Art

Dance Halls, Pigeons & Reverent Homages: Our Favorite Venice Biennale Installations

A still from Bárbara Wagner & Benjamin de Burca's Swinguerra.
A still from Bárbara Wagner & Benjamin de Burca's Swinguerra.

Bárbara Wagner & Benjamin de Burca | Brazilian Pavilion For all intents and purposes, the pavilion is a now a dance hall that reverberates with the joint genius of artist duo Bárbara Wagner and Benjamin de Burca. Once you walk in the door, you can feel the music of Swinguerra, which grows louder as one progresses from glossy, static images of choreography to the real thing. The two-sided video that occupies the furthest salon forces the viewer to give themselves over to the action as their attention is pulled between the opposing screens and one beat.

Installation view of Martin Puryear’s Liberty/Libertà. Photo by Joshua White.

Martin Puryear | American Pavilion Mark Bradford’s red bombastic goo is gone and the pavilion almost feels like a temple, with Martin Puryear’s pared-back forms paced throughout its hallowed halls. The breathtaking pause comes in the rotunda for “A Column for Sally Hemings,” a site-specific work dedicated to the African American slave owned by former President Thomas Jefferson, who also mothered several of his children. A meditation on the pavilion’s Renaissance era, architectural aspiration and its relationship to Jefferson’s Monticello, the sculpture stakes its claim literally in the whitewashed colosseum.

Laure Prouvost’s film stills (2019) Vidéo HD Courtesy de l’artiste, Galerie Nathalie Obadia (Paris – Bruxelles), carlier | gebauer (Berlin) & Lisson Gallery (Londres – New York).

Laure Prouvost | French Pavilion Darling, don’t go in the front door because the entrance is actually in the basement—through the jungle of the Giardini. And when you get upstairs, please be careful where you step because there are pigeons here, as well as seashells and cell phones embedded in the watery floor. The next room is a cinema where we will sit together, cowering in the damp darkness discussing the underwater world—all this to say that when you leave, you’ll be wet no matter what.

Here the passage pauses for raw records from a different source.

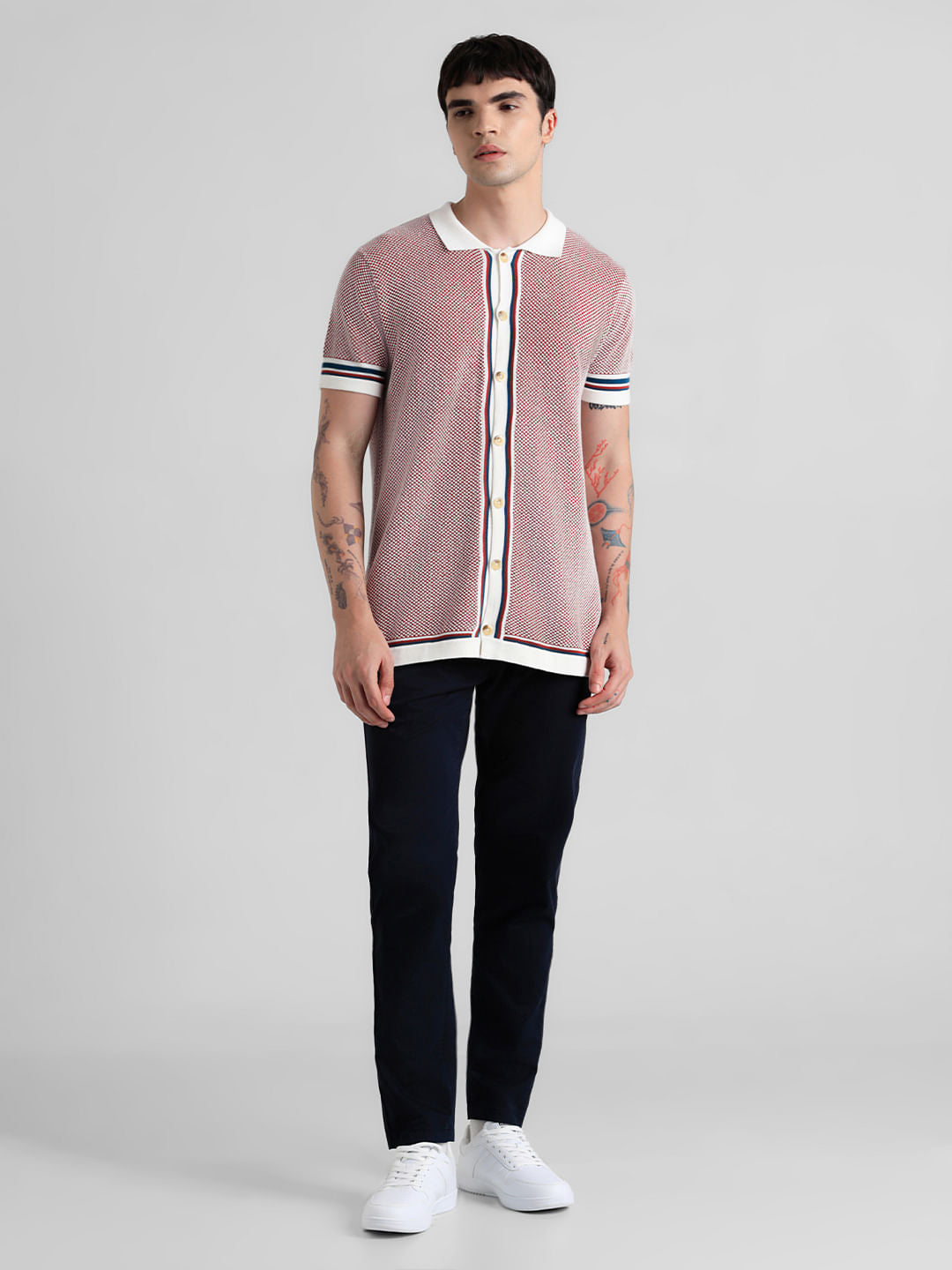 Navy Blue Mid Rise Overdyed Pants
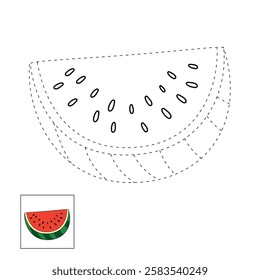 Watermelon coloring pages for kids. Trace and color watermelon. Watermelon fruit flashcard for kids. Watermelon isolated on white background. Kindergarten and preschool worksheets printable for kids. 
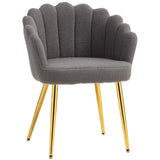HOMCOM Petal-Back Lounge Armchair with Faux Lamb's Wool & Metal Legs – Accent Chair for Living Room, Grey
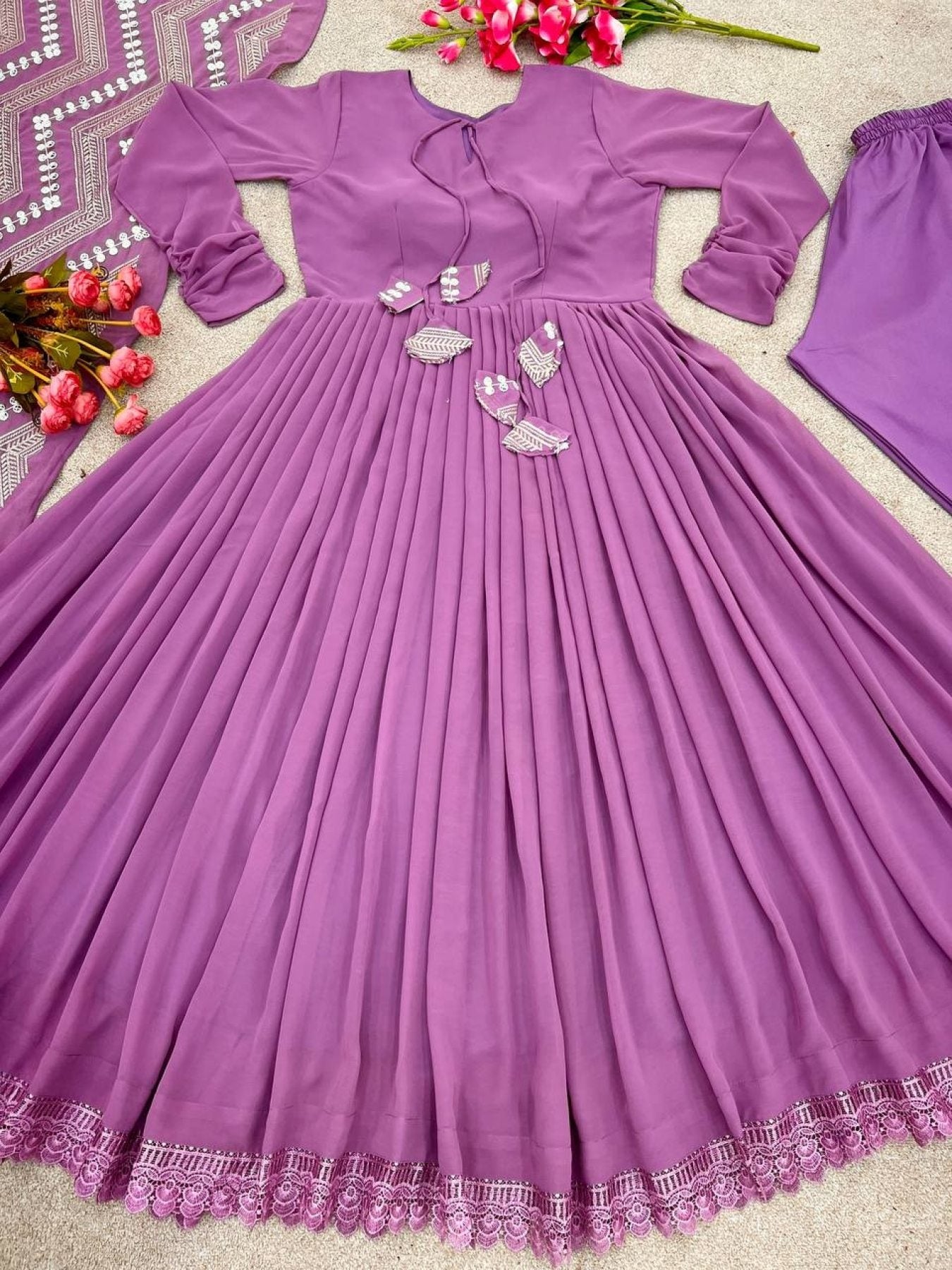 Purple Georgette Anarkali Suit Set - Femenica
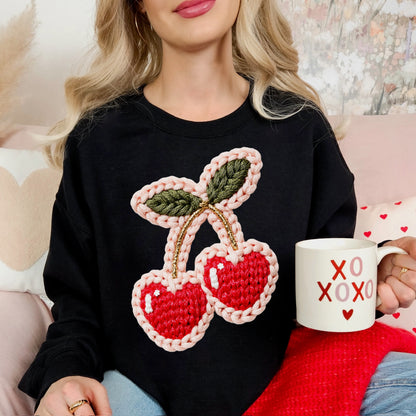 Faux yarn cherries clear film screen print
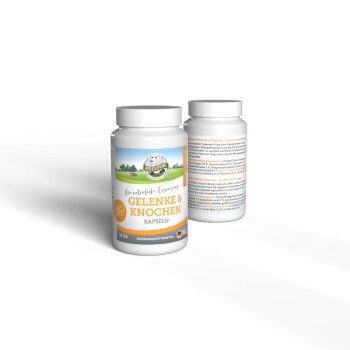 Flasche mit BELFOR Gelenke & Knochen Kapseln zur Unterstützung von Gelenken und Knochen, mit einem bunten Etikett mit Produktdetails auf Deutsch.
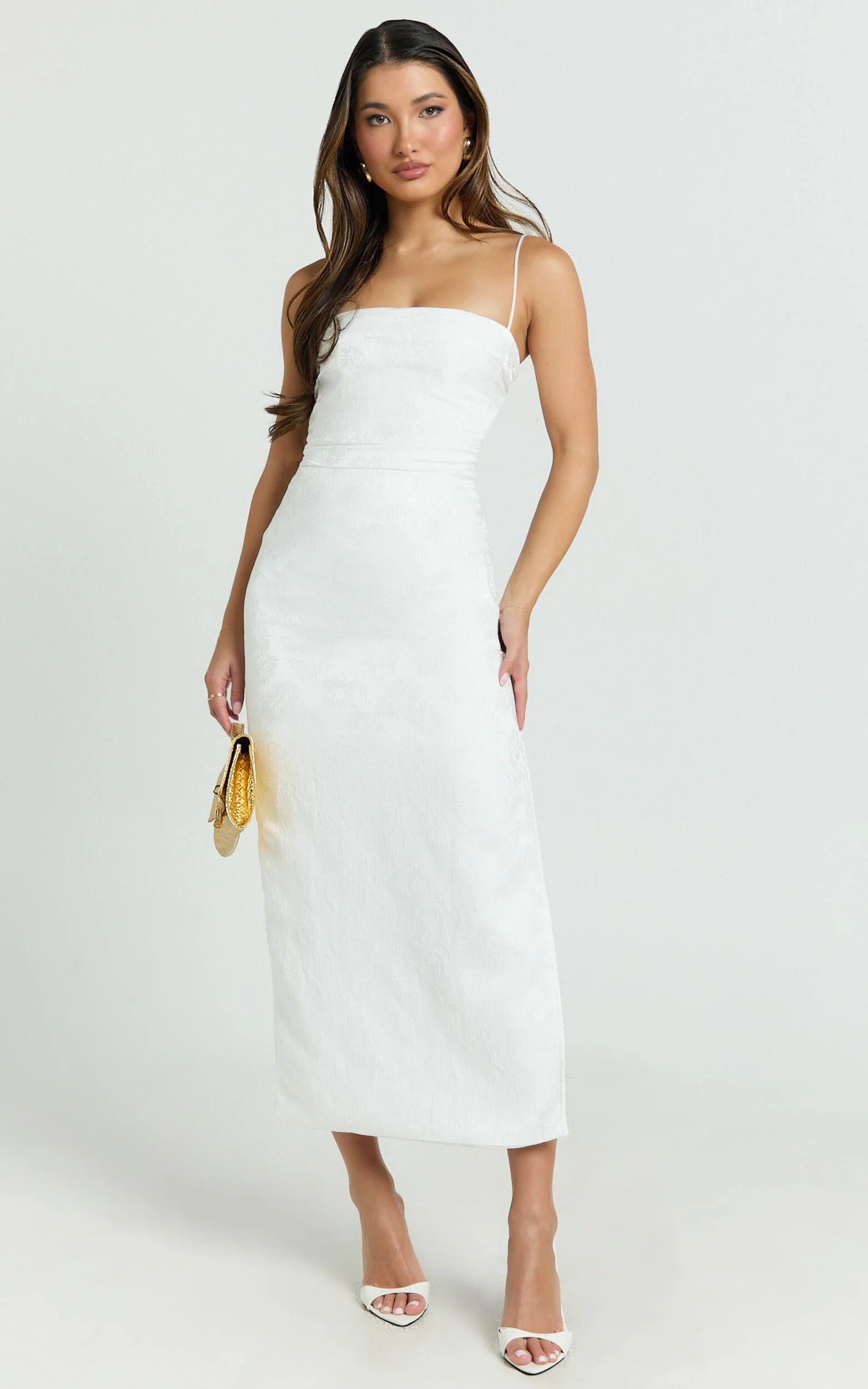 Indiana Midi Dress - Jacquard Square Neck Lace Back Fitted Dress in White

Mondo Cane, an exhibition by Jos de Gruyter & Harald Thys, curated by Anne-Claire Schmitz. Belgian Pavilion, La Biennale di Venezia 2019. Courtesy and copyright of the artists and the Belgian Pavilion. Image Nick Ash

Jos de Gruyter and Harald Thys’s MONDO CANE | Belgian Pavilion The scene calls to mind Disney’s A Small World with its mannequins in concerted motion. Some are together in a town square, while others shake and shutter behind barred doors. Humans circulate around observing the action as if they weren’t a part of the scene, but of course they are.

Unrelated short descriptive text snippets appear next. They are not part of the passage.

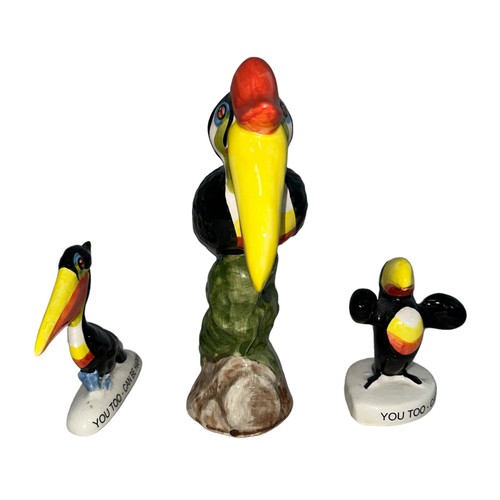 345 - Carlton Ware (later) hand painted, three ceramic Guinness Toucan figures to include; pair of ‘You To... 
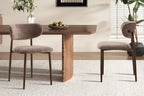 Chaise de salle à manger NONYA en tissu sable, piètement métal effet bois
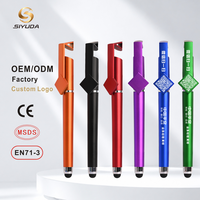 Stylo gel 3-en-1 en gros avec support de téléphone, logo personnalisé, code QR, stylo promotionnel
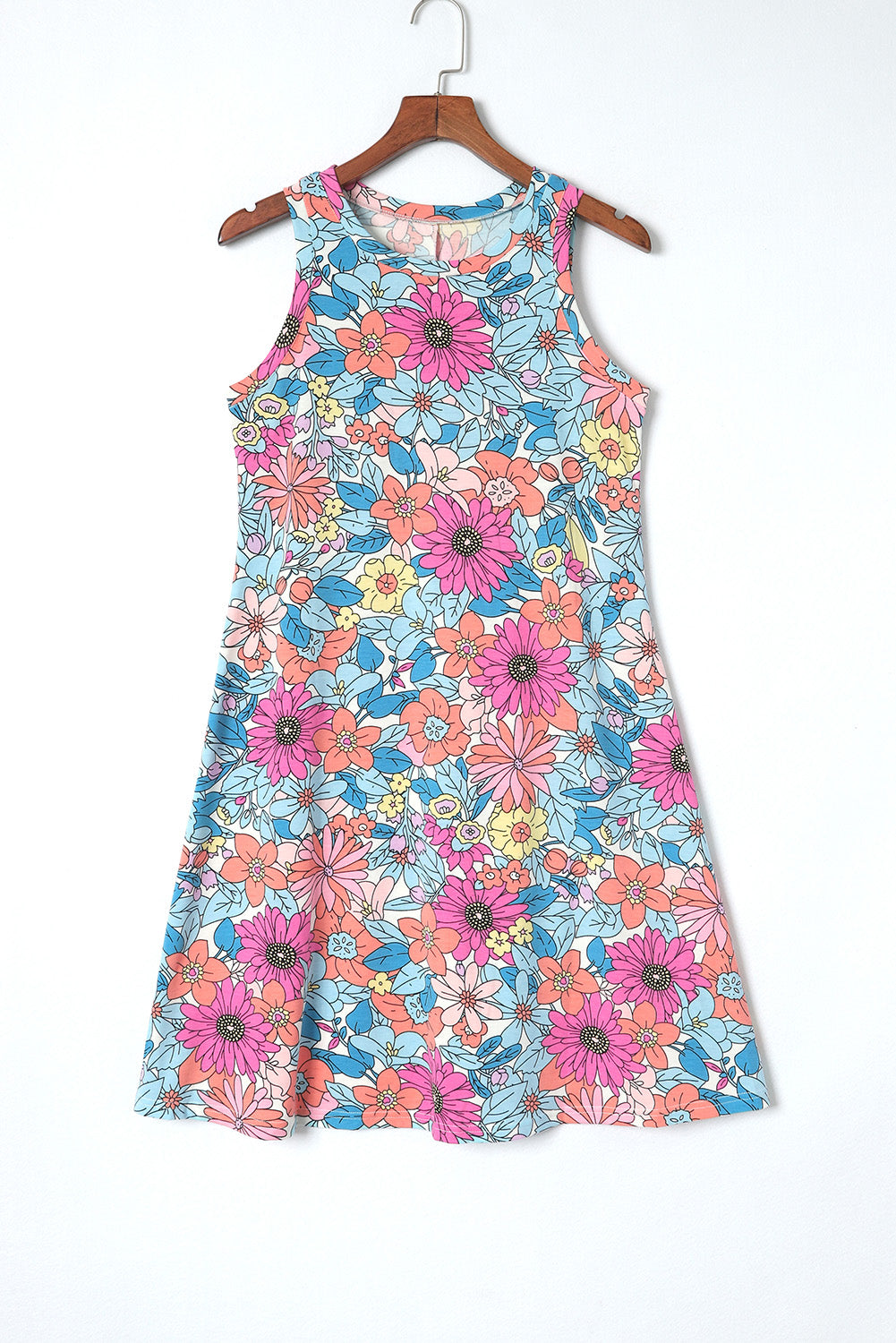 Floral Round Neck Sleeveless Dress-Angel Casuals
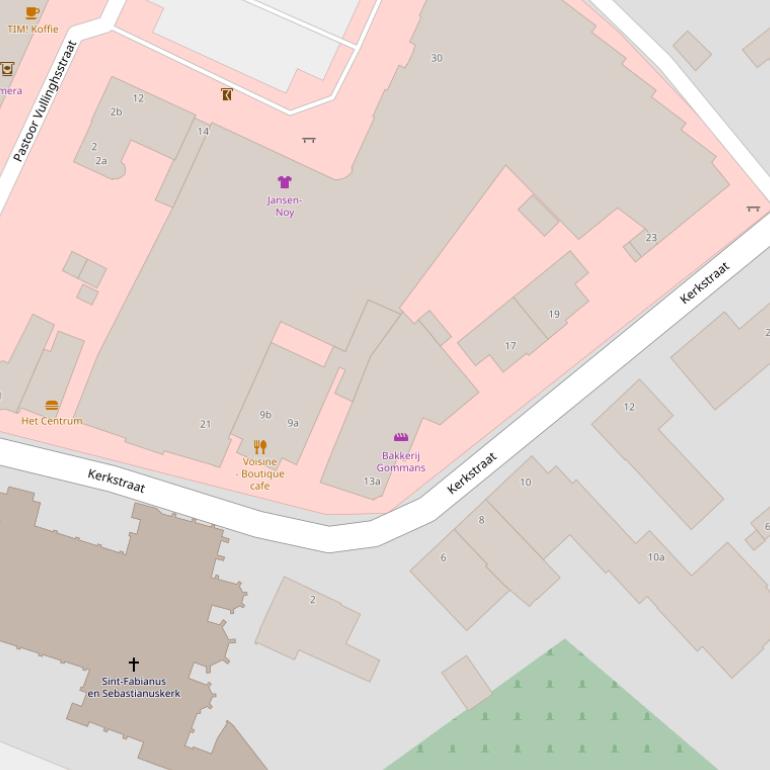 Kaart van de Kerkstraat.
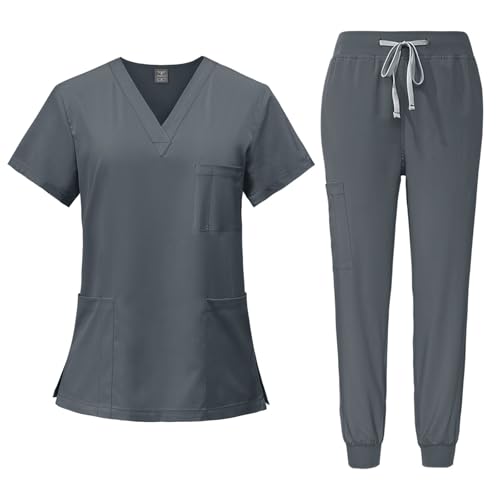 ABRTJCL Unisex Medizinische Uniform Krankenschwester Krankenhaus Berufskleidung mit Oberteil und Hose Pflege Kleidung Damen Medizinische Arbeitskleidung Damen Herren grau ABRTJCL Unisex Medizinische Uniform Krankenschwester Krankenhaus Berufskleidung mit Oberteil und Hose Pflege Kleidung Damen Medizinische Arbeitskleidung Damen Herren grau von ABRTJCL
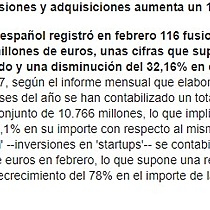 El importe de fusiones y adquisiciones aumenta un 11,3% en febrero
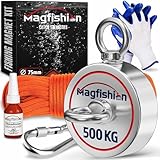 MAGFISHION Magnetfischen Set - 500 KG (2 x 250kg) - Ø75mm - Neodym Magnet mit...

Anna K.E. at the Venice Biennale's Georgia Pavilion. Courtesy the artist and Simone Subal Gallery. Photo by Dario Lasagni.

Anna K.E. | Georgian Pavilion The faucets are always running. Ass-backwards, we walk around the artist’s studio as she bumps and bruises into the ephemera of art making until exhaustion. We are invited to join her by ascending the stairs to nowhere, and the view from the top is as sweet as promised.

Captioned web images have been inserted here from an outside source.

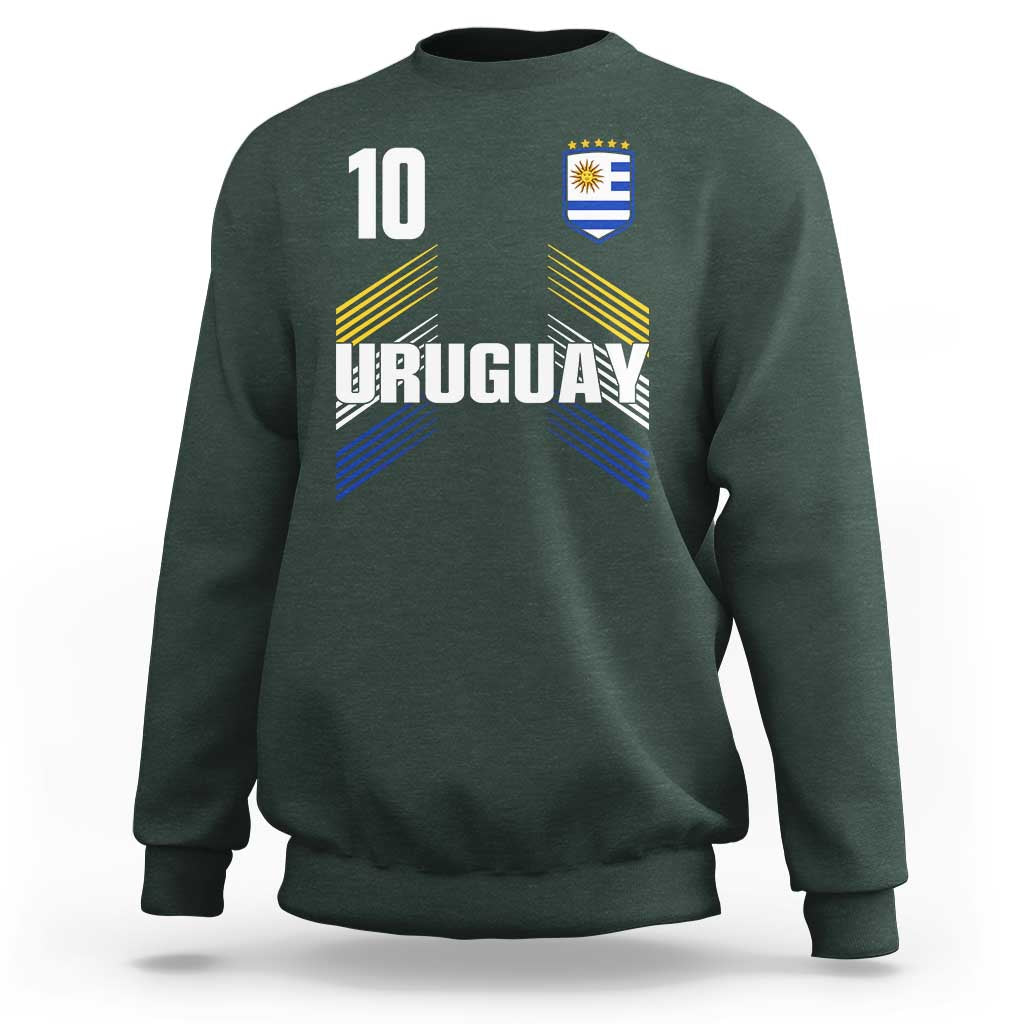Uruguay Soccer Sports Graphic Number 10 Jersey Style Sweatshirt Proud Uruguayan Football Fans Game Day Pride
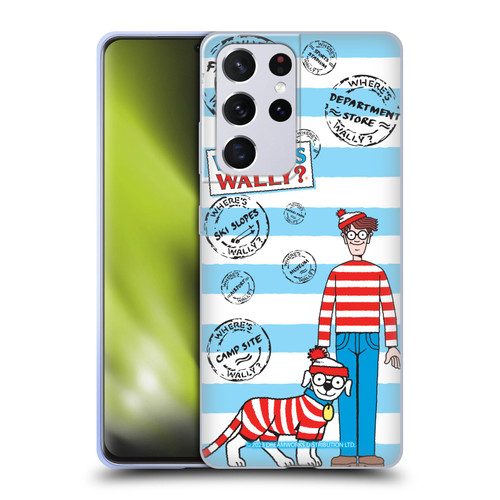 Where's Wally? Graphics Stripes Blue Soft Gel Case for Samsung Galaxy S21 Ultra 5G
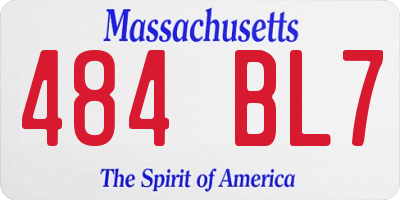MA license plate 484BL7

Cathy Wilkes’ Untitled, 2019 (detail). British Pavilion is commissioned by the British Council for the Venice Biennale. Photo by Cristiano Corte.

Cathy Wilkes | British Pavilion With almost nothing, Cathy Wilkes gets to the root. She does not want too many visitors at a time, so we wait on the steps to visit her shrine. The objects she presents us are sometimes found, and sometimes fabricated but they all speak to the poetry between the object and subject—the way the interior lives of inanimate reflect back our own complications.